Statement of the American Public Welfare Association

Recommendations To Amend the Data Collection and Reporting Requirements of the Personal Responsibility and Work Opportunity Reconciliation Act (P.L. 104–193)

Summary

• Data collection and reporting requirements of the welfare law pose both systems design and data storage burdens. This is clearly an unfunded mandate in the new law.
• APWA calls on Congress to reexamine the data elements in section 411 (TANF) and section 611 (child care) and to eliminate or revise those that unnecessarily burden states with systems changes.
• APWA recommends that the Secretary of Health and Human Services, working with Congress and the states, develop alternative TANF and child care data collection and reporting requirements to replace those now required under the law, and do so by July 1, 1997.

Context

  The Personal Responsibility and Work Opportunity Reconciliation Act (PRWORA) fundamentally alters the mechanism that funds human services information systems. Formerly funded through an earmarked match, systems funds must now come from the TANF Block Grant itself, creating competition between the needs of families and automation. Since the enactment of the law, concerns have increased as states have had time to assess the degree to which they must either modify their current human services information systems or develop new systems. New federally mandated eligibility requirements necessitate not only system reprogramming, but more difficult interfaces with other Federal, state, and local databases. In addition, case tracking for time limits and screening for duplicate participation among the states also pose significant systems costs. Collection and reporting requirements of new data elements not formerly required of all AFDC families pose both systems design and data storage burdens.
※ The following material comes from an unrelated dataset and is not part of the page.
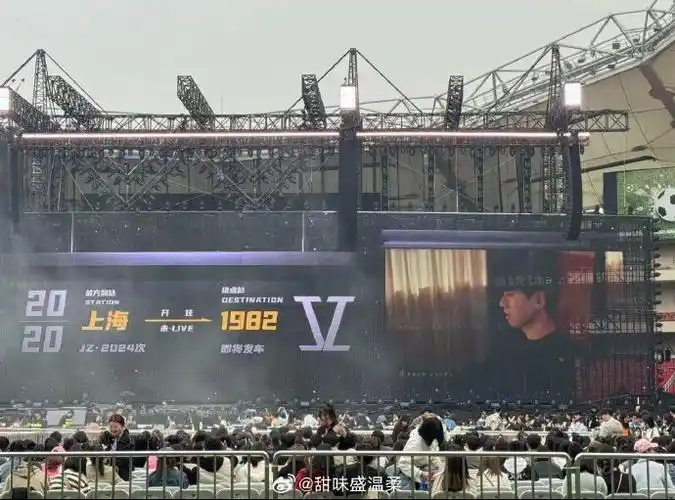 啊啊啊  我可以说只是张杰的路人粉吧,他的歌曲听的比较多,想着人生总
This is clearly an unfunded mandate in the new law.
 Page 87       PREV PAGE       TOP OF DOC

Systems Challenges of Data Collection and Reporting Requirements

  Section 411 and section 611 of PRWORA require the states to collect on a monthly basis and submit to the Secretary of Health and Human Services on a quarterly basis data on the families and children served by the Temporary Assistance for Needy Families (TANF) program and the Child Care Development Fund (CCDF) program. (The sections also require the states to submit other reports, including the use of funds and the availability of child care services.) In order to comply with these reporting requirements, states must:
• substantially expand the capacity of their current systems to handle entirely new groups of recipients from whom additional data is required;
• holistically reprogram their systems to allow for collection and storage of new elements; and,
• amend lines of code and systems rules to modify elements that have been revised under the new law.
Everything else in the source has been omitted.